Dans ce contexte, une remobilisation de la communauté internationale autour de la question alimentaire est plus que bienvenue : elle est nécessaire.

 

Qu’attendre de ce Sommet des Nations unies sur les systèmes alimentaires du 23 septembre ?

M. L. G. : Il faut souhaiter une remobilisation des États et un renforcement de la solidarité internationale pour réduire la faim à l’échelle mondiale, à travers un plus fort investissement dans les domaines du développement agricole et de la nutrition. Il est aussi important que l’on arrive à une meilleure prise en compte des liens d’interdépendance entre agriculture et sécurité alimentaire d’une part, et enjeux globaux du climat et biodiversité d’autre part.

L’objet même du sommet, les « systèmes alimentaires », et le lien explicite établi entre sécurité alimentaire et l’ensemble des objectifs de développement durable marquent une évolution assez nette par rapport aux précédents événements de ce type.

Il faut dire que le dernier sommet comparable a eu lieu en 2009, il y a douze ans… Par le biais de cette nouvelle rencontre, la communauté internationale reconnaît désormais l’interdépendance des questions alimentaires avec les enjeux environnementaux globaux. Le changement climatique affecte la disponibilité alimentaire, fragilise les ménages vulnérables et compromet leur accès à l’alimentation. Or, nous savons à quel point, à terme, le maintien de la biodiversité est essentiel pour la productivité agricole.

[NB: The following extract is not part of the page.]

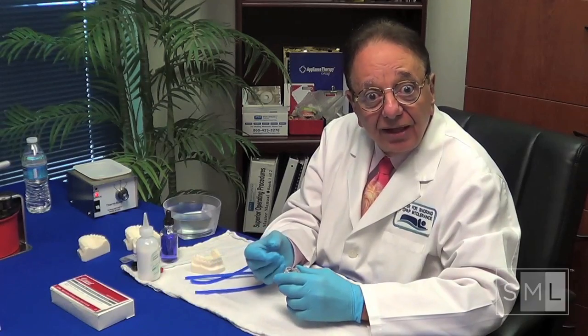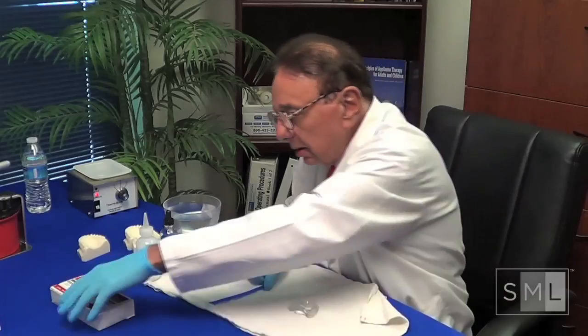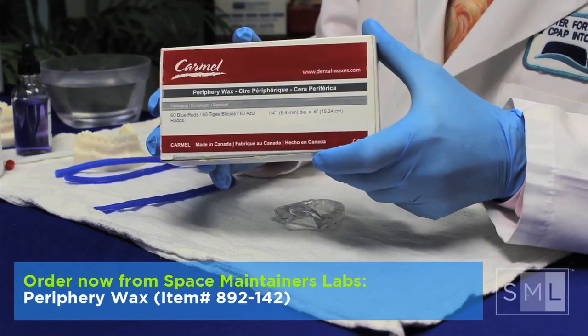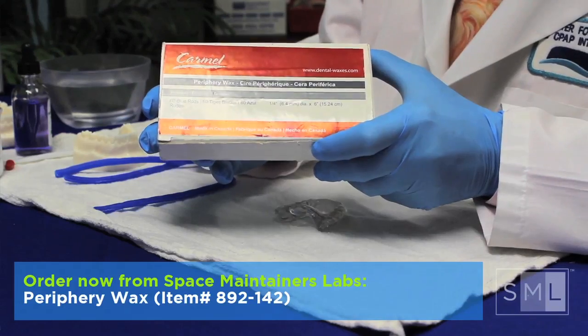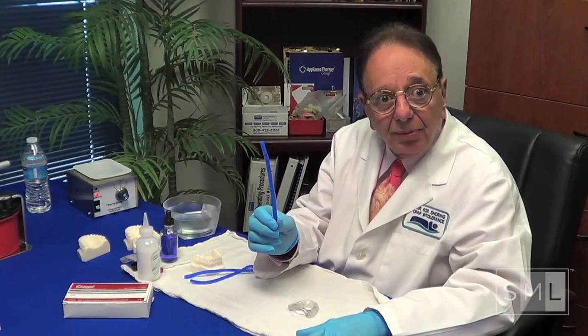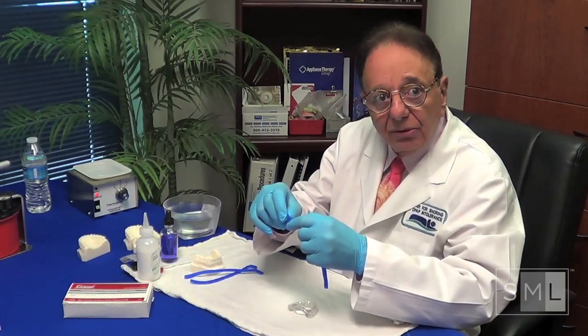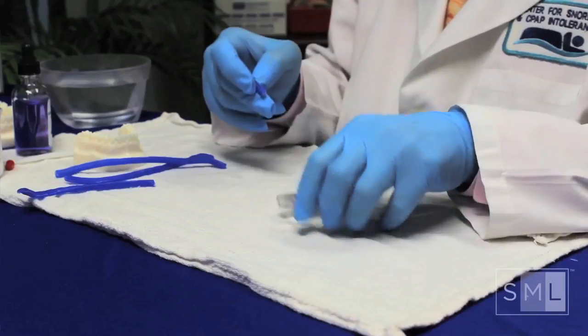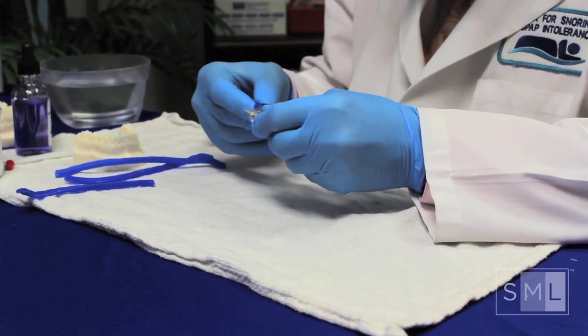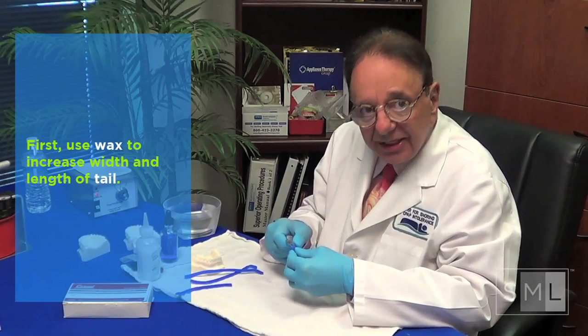We're going to be smart. We're going to add wax first, because by putting what we want on with wax, if they're uncomfortable, we know we can take it off easily or even cut the wax in half. We use periphery wax — there are numerous brands on the market. You can go to any dental supply company and get periphery wax. This is what you put around an impression tray to extend it. I'm going to take a small amount and put it right here on the tail.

Parler de systèmes alimentaires, c’est aussi prendre en compte l’ensemble des acteurs de la filière, de la production à la consommation. C’est donc reconnaître le rôle des consommateurs, celui du secteur privé, et insister à nouveau sur le rôle central de l’agriculture familiale.

Enfin, il faut attendre de ce sommet des solutions concrètes. Selon l’Agence française de développement (AFD), l’une des solutions passe par les banques publiques agricoles. C’est pourquoi, au cours de ce sommet, son directeur général Rémy Rioux interviendra pour mettre en avant l’enjeu de leur mobilisation.

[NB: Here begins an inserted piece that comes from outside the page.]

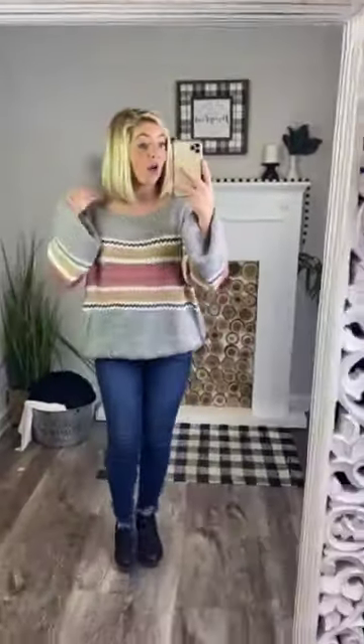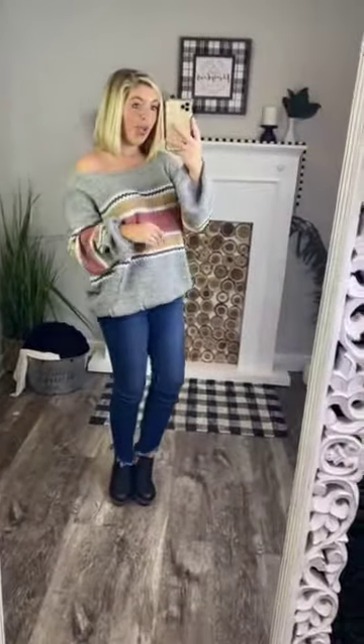And it has a wider neckline. If you want to wear it off the shoulder, then go ahead — be cute, be trendy. Wear it off of one shoulder. Or if you want to wear it on both shoulders, super cute too.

Autrement dit, il faut soutenir une coalition de banques publiques agricoles travaillant ensemble afin de toucher les exploitants familiaux qui ne le sont pas encore. Il s’agit pour elles de disposer des instruments financiers adaptés aux besoins des petits producteurs, mais aussi d’améliorer la traçabilité de leurs financements au regard de leur contribution aux enjeux environnementaux. 

Cette coalition travaille d’ores et déjà, depuis le premier sommet Finance en commun. Elle va s’étendre pour prendre la forme d’une plateforme pérenne à l’occasion du sommet Finance en commun 2. Nous ne pourrons pas obtenir une transition vertueuse des systèmes alimentaires s’ils ne sont pas correctement financés. 

 

Quelle est la stratégie de l’AFD en matière de sécurité alimentaire ?

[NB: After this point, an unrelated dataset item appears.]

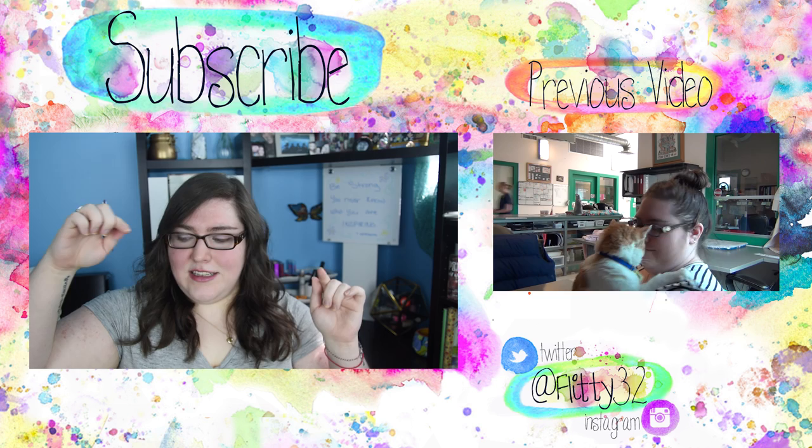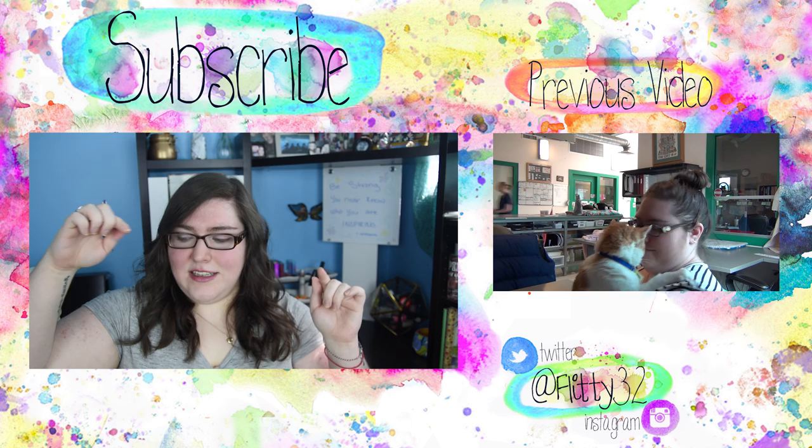But anyways, thanks so much for watching, you guys. If you enjoyed this video, be sure to hit that little thumbs up button. And please subscribe if you haven't already — you can do that by clicking the subscribe button right up there. Click over there to see my previous video, and links to my Instagram and Twitter are down here. I will see you guys next time. Bye!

M. L. G. : Aujourd’hui, l’AFD intervient fortement pour le renforcement des exploitations agricoles familiales et le développement de l’agro-écologie. Il s’agit maintenant pour l’AFD d’intensifier son investissement sur les enjeux strictement alimentaires, c’est-à-dire l’accès à l’alimentation des populations vulnérables, la nutrition, ou encore la production de produits de base (céréales, tubercules…). Nous préparons pour ce faire une initiative spécifique.

Des projets dédiés à la sécurité alimentaire sont actuellement soutenus par l’AFD. Ainsi, au Niger, nous soutenons directement le dispositif national de prévention et de gestion des crises alimentaires. Cela passe par le renforcement des institutions nationales concernées, et de leurs capacités à anticiper les crises et y répondre au mieux.

À l’échelle régionale, l’AFD soutient avec l’Union européenne la politique régionale de stockage de la Communauté économique des États d'Afrique de l'Ouest (CEDEAO). Cette politique permet une solidarité entre les pays de l'organisation régionale en mettant en commun des ressources pour un stockage au niveau régional. Les denrées stockées sont mobilisées en réponse aux crises alimentaires traversées par les pays de la zone, en complémentarité des stocks existant aux niveaux local ou national. Ce financement est emblématique des actions soutenues par l’AFD en matière de sécurité alimentaire.